My 7900 XTX does 120TFlops.
To match that, you would need to scale that CPU up to either 2048 cores, 2KB per register (still one-cycle!) or 64Ghz.
I guess if you had 1024-bit registers and 8Ghz, you could get away with only 240 cores. Good luck thermal dissipating that btw. To reverse an opinion I'm seeing in this thread, at that point your CPU starts looking more like a GPU by necessity.
Usually, you can do 2 AVX-512 operations per cycle and using FMADD (fused multiply-add) instructions, you can do two floating point operations for the price of one. That would be 128 operations per cycle per core. The result would be 16TFlops on a 2GHz 64 core CPU, not 4 TFlops. This would give a 1 order of magnitude difference, rather than 4 orders of magnitude.
For inference, prompt processing is compute intensive, while token generation is memory bandwidth bound. The differences in memory bandwidth between CPUs and GPUs tend to be more profound than the difference in compute.
That's fair. On the other hand, there's like exactly one CPU with FP16 AVX512 anyways, and 64core aren't exactly commonplace either. And even with all those advantages, using a datacenter CPU, you're still a factor of 10 off from a GPU that isn't even consumer top-end. With a normal processor, say 16 cores, 16 float ops, even with fused ops and dispatching two ops per cycle you're still only at 2T and ~50x. In consumer spaces, I'm more optimistic about dedicated coprocessors. Maybe even iTPU?
Zen 6 is supposed to add FP16 AVX512 support if AMD’s leaked slides mean what I think they mean. Here is a link to a screenshot of the leaked slides MLID published:
Running on a GPU like my 3090 Ti will likely outperform it by two orders of magnitude, but I have managed to push the needle slightly on the state of the art performance for prompt processing on my CPU. I suspect an additional 15% improvement is possible, but I do not expect to be able to realize it. In any case, it is an active R&D project that I am doing to learn how these things work.
Finally to answer your question, I have no good answers for you (or more specifically, answers that I like). I have been trying to think of ways to do fast local inference on high end models cost effectively for months. So far, I have nothing to show for it aside from my R&D into CPU llama 3 inference since none of my ideas are able to bring hardware costs needed for llama 3.1 405B below $10,000 with performance at an acceptable level.
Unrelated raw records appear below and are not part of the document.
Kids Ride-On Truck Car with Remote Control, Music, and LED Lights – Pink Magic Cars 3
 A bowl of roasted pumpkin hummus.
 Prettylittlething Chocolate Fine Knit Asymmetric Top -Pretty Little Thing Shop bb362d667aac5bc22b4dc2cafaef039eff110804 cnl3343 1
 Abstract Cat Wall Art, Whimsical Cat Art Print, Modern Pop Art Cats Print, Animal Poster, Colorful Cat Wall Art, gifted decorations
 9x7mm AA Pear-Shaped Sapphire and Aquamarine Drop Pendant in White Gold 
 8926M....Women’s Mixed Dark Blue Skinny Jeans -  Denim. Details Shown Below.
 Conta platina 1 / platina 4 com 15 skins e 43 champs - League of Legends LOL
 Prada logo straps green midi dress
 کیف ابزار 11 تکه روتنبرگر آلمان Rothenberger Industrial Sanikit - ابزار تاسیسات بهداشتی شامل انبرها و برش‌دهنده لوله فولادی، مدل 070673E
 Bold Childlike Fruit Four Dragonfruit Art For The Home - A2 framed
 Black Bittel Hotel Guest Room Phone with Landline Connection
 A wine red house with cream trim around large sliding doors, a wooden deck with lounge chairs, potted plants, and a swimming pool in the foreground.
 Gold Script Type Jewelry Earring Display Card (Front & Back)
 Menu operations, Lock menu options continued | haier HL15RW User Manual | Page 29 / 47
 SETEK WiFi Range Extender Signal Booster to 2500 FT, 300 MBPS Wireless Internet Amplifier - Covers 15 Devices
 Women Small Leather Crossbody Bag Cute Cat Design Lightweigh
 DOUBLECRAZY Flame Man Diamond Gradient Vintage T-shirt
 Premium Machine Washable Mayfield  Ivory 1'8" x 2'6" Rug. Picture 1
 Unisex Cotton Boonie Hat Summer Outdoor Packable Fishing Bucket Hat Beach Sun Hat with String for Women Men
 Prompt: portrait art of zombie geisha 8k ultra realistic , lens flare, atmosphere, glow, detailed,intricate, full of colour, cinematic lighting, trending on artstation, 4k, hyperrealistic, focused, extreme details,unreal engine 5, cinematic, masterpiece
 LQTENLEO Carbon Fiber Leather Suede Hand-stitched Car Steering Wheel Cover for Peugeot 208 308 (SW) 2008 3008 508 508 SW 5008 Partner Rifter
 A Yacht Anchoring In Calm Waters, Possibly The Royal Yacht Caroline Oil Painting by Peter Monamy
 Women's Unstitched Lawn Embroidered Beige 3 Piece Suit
My idea of an acceptable performance level is 10 tokens per second for token generation and 4000 tokens per second for prompt processing, although perhaps lower prompt processing performance is acceptable with prompt caching.
This is only relevant for the flash attention part of the transformer, but a NPU is an equally suitable replacement for a GPU for flash attention.
Once you have offloaded flash attention, you're back to GEMV having a memory bottleneck. GEMV does a single multiplication and addition per parameter. You can add as many EXAFLOPs as you want, it won't get faster than your memory.
I guess it's hard to know how well this would compete with integrated gpus, especially at a reasonable pricepoint. If you wanted to spend $4000+ on it, it could be very competitive and might look something like nvidias grace-hopper superchip, but if you want the product to be under $1k I think it might be better just to buy separate cards for your graphics and ai stuff.
It is not stacked. It is multirank. Stacking means putting multiple layers on the same chip. They are already doing it for HBM. They will likely do it for other forms of DRAM in the future. Samsung reportedly will begin doing it in the 2030s:
I am not sure why they can already do stacking for HBM, but not GDDR and DDR. My guess is that it is cost related. I have heard that HBM reportedly costs 3 times more than DDR. Whatever they are doing to stack it now that is likely much more expensive than their planned 3D fabrication node.